**Input data**:
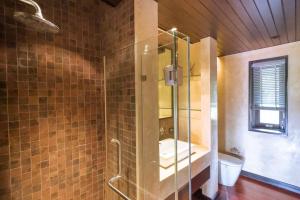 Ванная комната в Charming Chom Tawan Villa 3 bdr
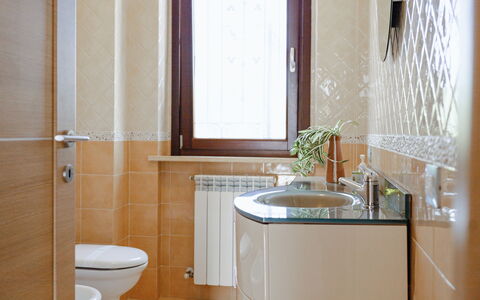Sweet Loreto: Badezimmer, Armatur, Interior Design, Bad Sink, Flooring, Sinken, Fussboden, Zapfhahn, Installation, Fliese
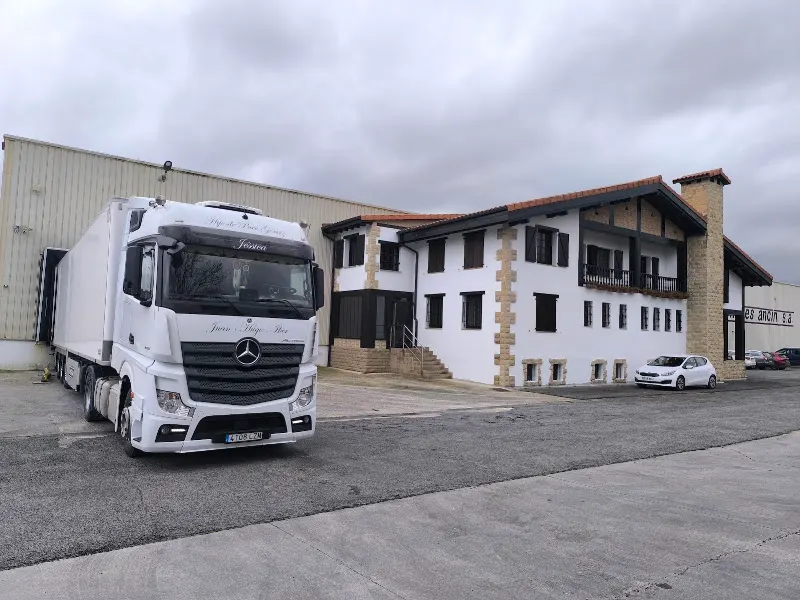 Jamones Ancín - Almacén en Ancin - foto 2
==
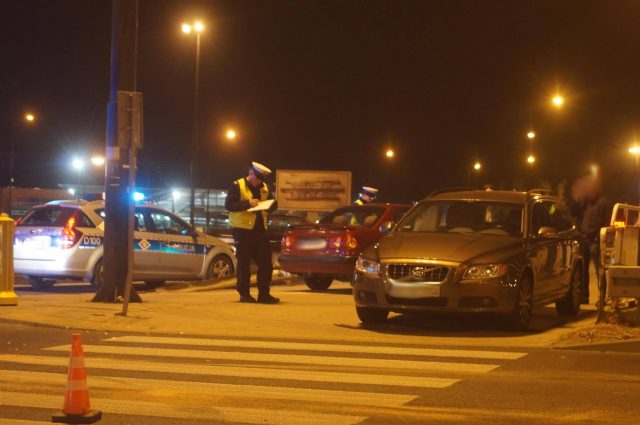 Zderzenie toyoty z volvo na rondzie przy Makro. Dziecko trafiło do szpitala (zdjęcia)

**Task statement**: What should come back is an exact copy of the lines above from the line with "Sweet Loreto: Badezimmer, Armatur, Interior" to the line with "Jamones Ancín - Almacén en Ancin - foto 2", both included, minus the pictures.

**Solution to this problem**:
Sweet Loreto: Badezimmer, Armatur, Interior Design, Bad Sink, Flooring, Sinken, Fussboden, Zapfhahn, Installation, Fliese
 Jamones Ancín - Almacén en Ancin - foto 2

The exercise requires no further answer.